One of the former Ebay CEO’s favorite stories about burdensome regulations stifling business has to do with Ebay subsidiary PayPal. Here’s what Whitman told Fox News’ Neil Cavuto:
The permitting process, the competing agencies that try to regulate — we built a building in Sunnyvale for PayPal, two-and-a-half years to break ground. We had to hire three consultants to navigate the labyrinth of California regulations.
And lest we think this was a one-off story, BusinessWeek noted that Whitman “raises the issue repeatedly on the stump.” “Two and half years of trying to get permission, 25 permits, three consulting firms to navigate the labyrinth of regulations. This was for a building that was to house 3,000 white-collar workers. You would think the State of California would have been my best friend on this,” Whitman says.
There’s just one problem. None of it ever happened. CalBuzz contacted the city of Sunnyvale to see if there was any truth to the story, and City Manager Gary Luebbers responded:
We have taken considerable time trying to ferret out this assertion. In fact our research shows absolutely no record of ANY contact with PayPal. I think she may have just pulled Sunnyvale out of thin air. PayPal is in San Jose.
So the trail moves to San Jose, where the Mercury News found that the city “processed eBay’s development application in record time and that fulfilling all the city’s requirements took just 11 months.”
In fact, Whitman has had nothing but kind words for the business development infrastructure in San Jose. “Our partnership with the office of the mayor, the city council, the city staff and the office of economic development is a testament to San Jose’s status as a world class place to grow and operate a business,” she has said. “The City of San Jose has always been extremely flexible in helping to anticipate and meet our rapidly changing needs.”
So the story that Whitman relies on to push her deregulatory ideology is nothing but a fantasy.

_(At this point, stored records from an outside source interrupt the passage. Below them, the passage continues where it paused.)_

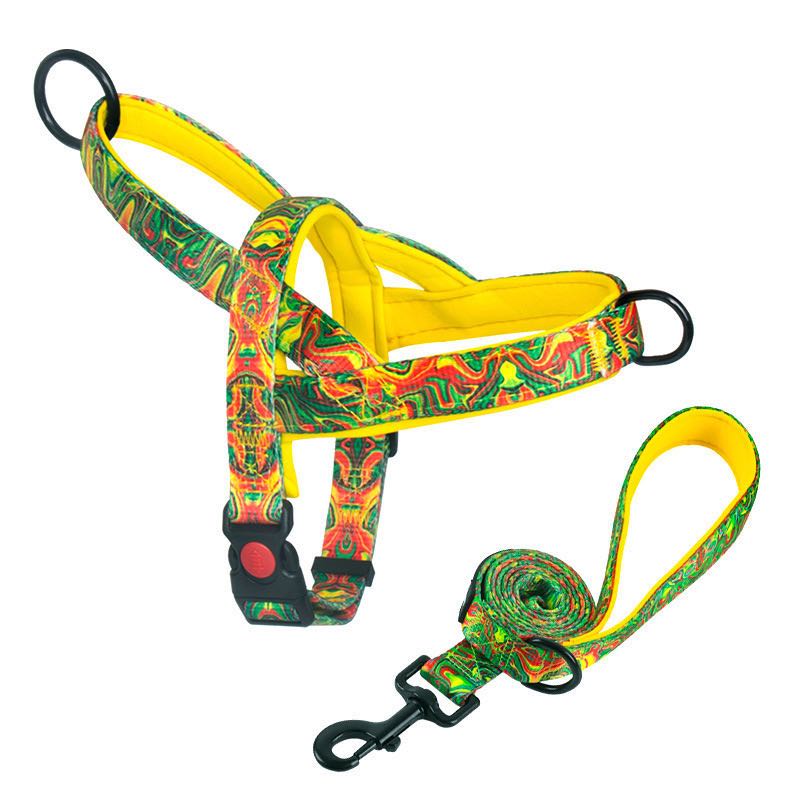 Dog Nylon Chest Strap, Traction Rope Tank Top, Soft Pads, Pet Walking Tank Top, Durable Strap, Suitable for Small and Medium sized Dog Supplies, Cat a
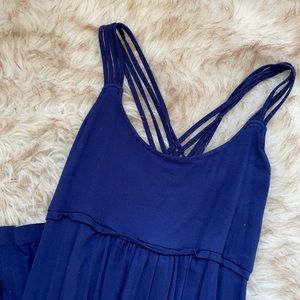 Navy blue strappy Maxi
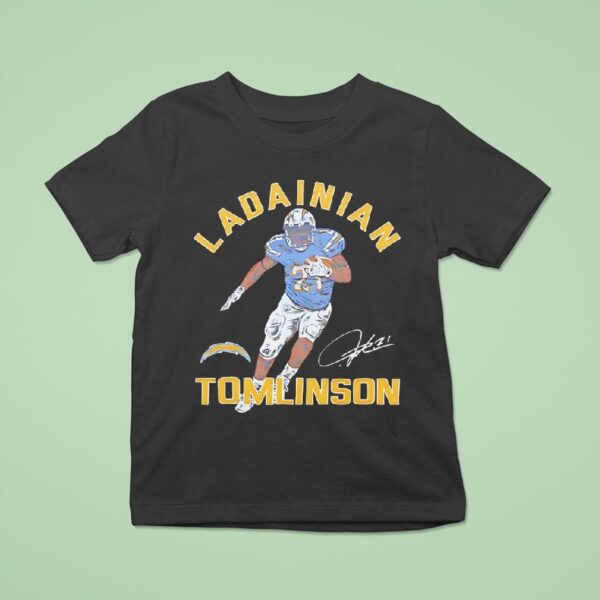 Ladainian Tomlinson Los Angeles Chargers Football Signature T Shirt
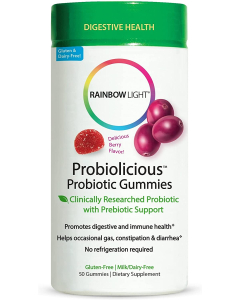 Rainbow Light Probiolicious Probiotic Gummies, 50 Gummies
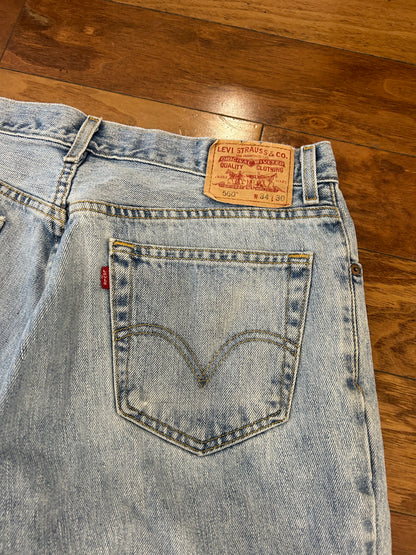 2005 Levi's 560 Blue Jean Shorts (34)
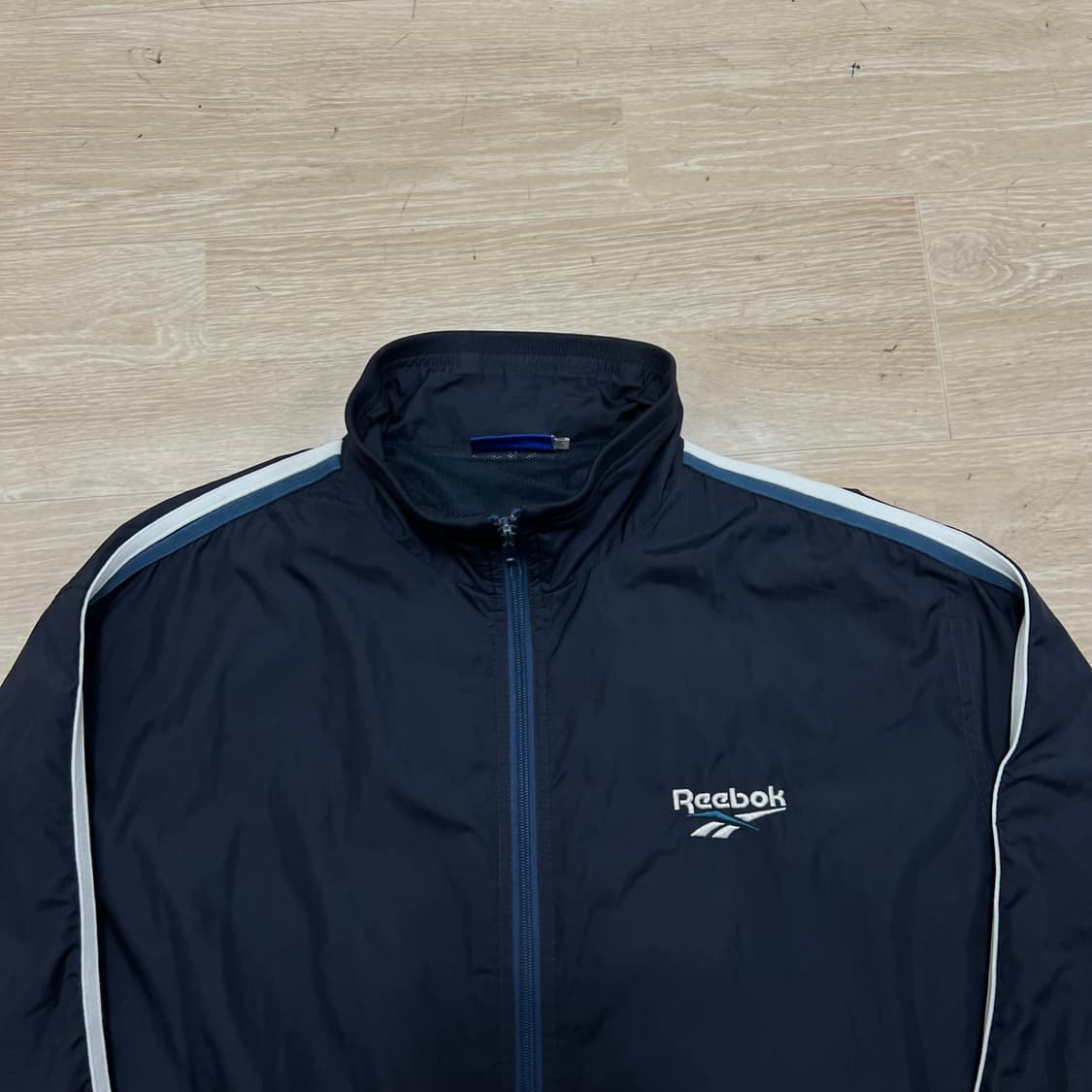 리복 클래식 올드스쿨 사이드라인 기능성 바람막이 [네이비] XL/105 상품이미지2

As UC Berkley economist Michael Reich has pointed out, Whitman’s claim that California is over-regulated doesn’t hold water, and the analysis that she says proves the negative effect regulations have on the Golden State’s job creation is based on discredited shlock science. Her plan to gut regulations — including eliminating overtime pay for workers — would transfer $1 billion from workers to employers.